WHAT YOU SHOULD DO – From the records below, please print only the lines from the one containing "Foodie City Breaks: Europe: 25" through the one containing "How To Do 2", both included. Skip the pictures.

RECORDS –
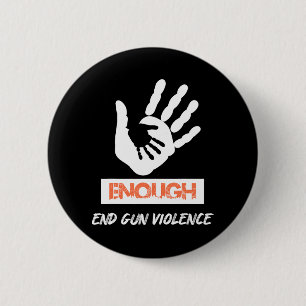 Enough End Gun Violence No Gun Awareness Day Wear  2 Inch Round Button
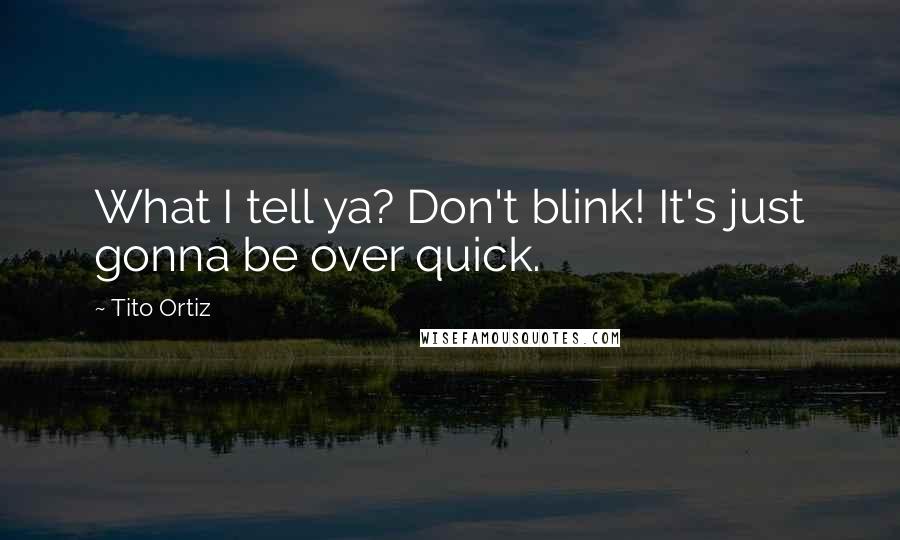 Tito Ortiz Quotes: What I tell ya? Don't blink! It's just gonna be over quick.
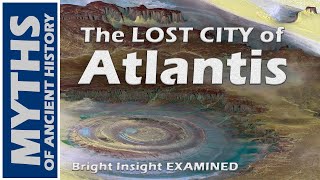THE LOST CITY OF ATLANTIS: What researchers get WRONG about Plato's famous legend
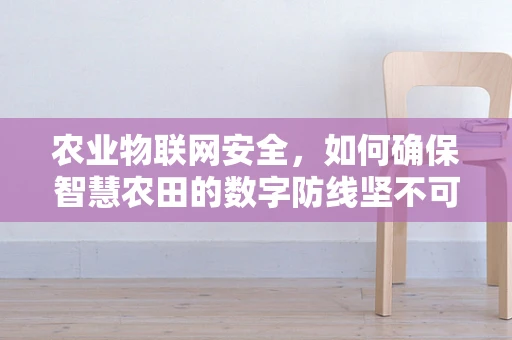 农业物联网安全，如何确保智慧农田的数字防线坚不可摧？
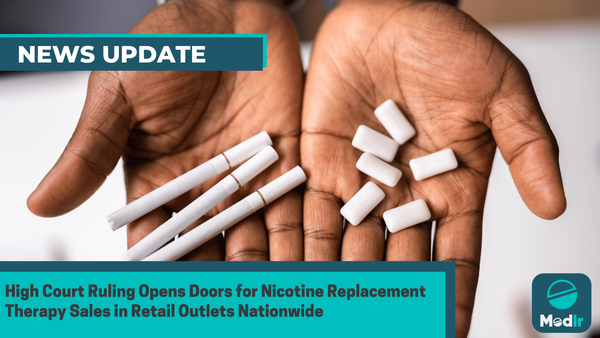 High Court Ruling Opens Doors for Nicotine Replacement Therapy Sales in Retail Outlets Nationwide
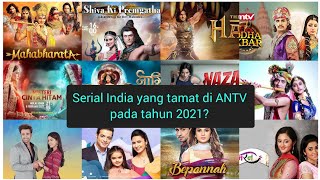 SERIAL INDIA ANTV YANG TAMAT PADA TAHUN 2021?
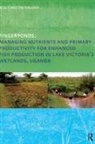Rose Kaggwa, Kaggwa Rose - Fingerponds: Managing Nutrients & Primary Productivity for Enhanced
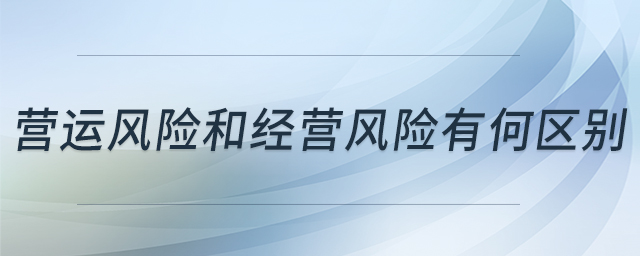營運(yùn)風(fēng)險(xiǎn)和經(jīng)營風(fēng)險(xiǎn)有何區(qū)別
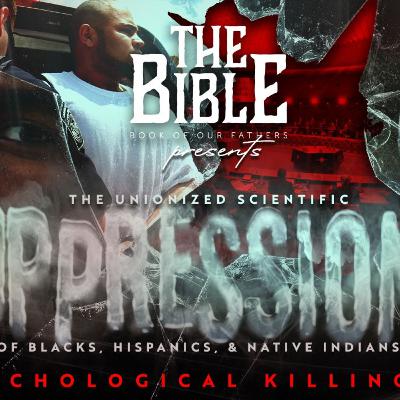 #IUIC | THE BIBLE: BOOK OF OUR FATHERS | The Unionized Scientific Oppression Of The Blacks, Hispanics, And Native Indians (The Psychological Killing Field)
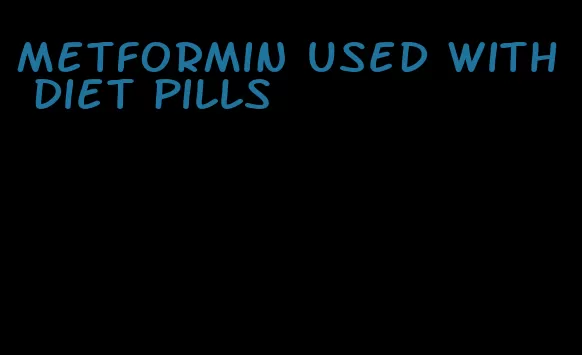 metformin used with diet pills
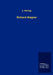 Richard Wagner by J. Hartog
--
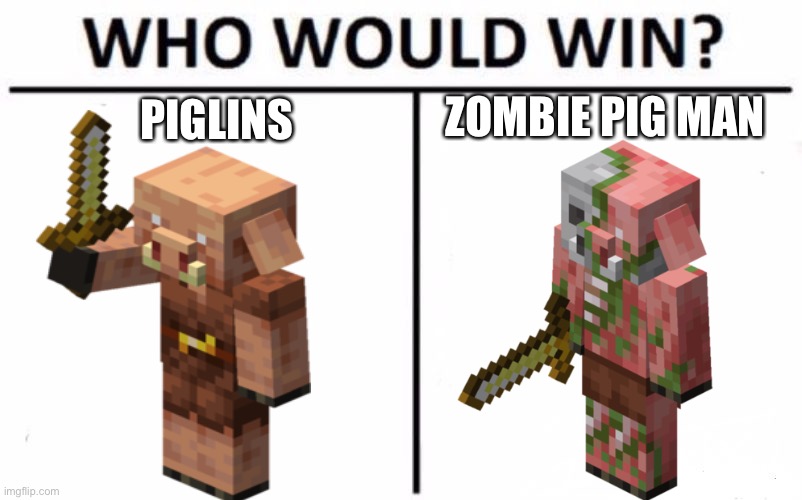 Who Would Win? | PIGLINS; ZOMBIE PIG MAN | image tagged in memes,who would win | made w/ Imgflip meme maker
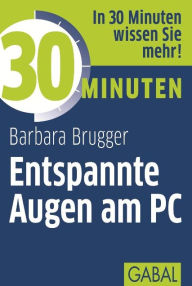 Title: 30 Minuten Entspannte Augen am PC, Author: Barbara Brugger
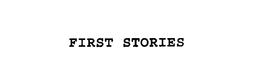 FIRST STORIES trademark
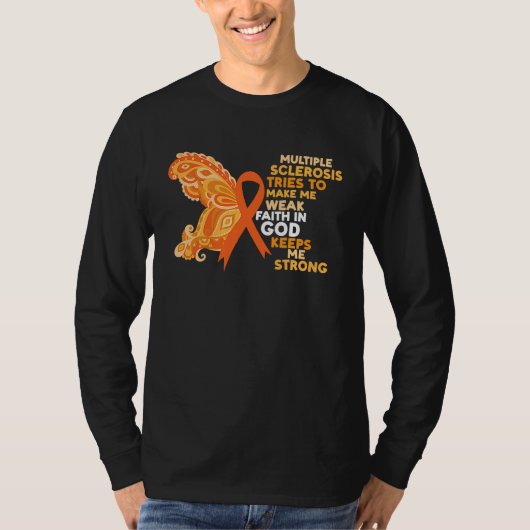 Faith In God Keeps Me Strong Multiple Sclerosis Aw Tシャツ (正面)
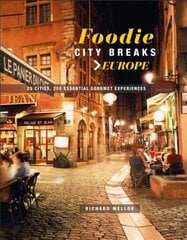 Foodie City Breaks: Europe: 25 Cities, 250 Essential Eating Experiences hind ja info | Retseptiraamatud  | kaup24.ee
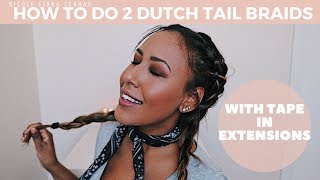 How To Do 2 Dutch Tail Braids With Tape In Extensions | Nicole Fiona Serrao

EXERCISE ANSWER –
 Foodie City Breaks: Europe: 25 Cities, 250 Essential Eating Experiences hind ja info | Retseptiraamatud  | kaup24.ee
 How To Do 2 Dutch Tail Braids With Tape In Extensions | Nicole Fiona Serrao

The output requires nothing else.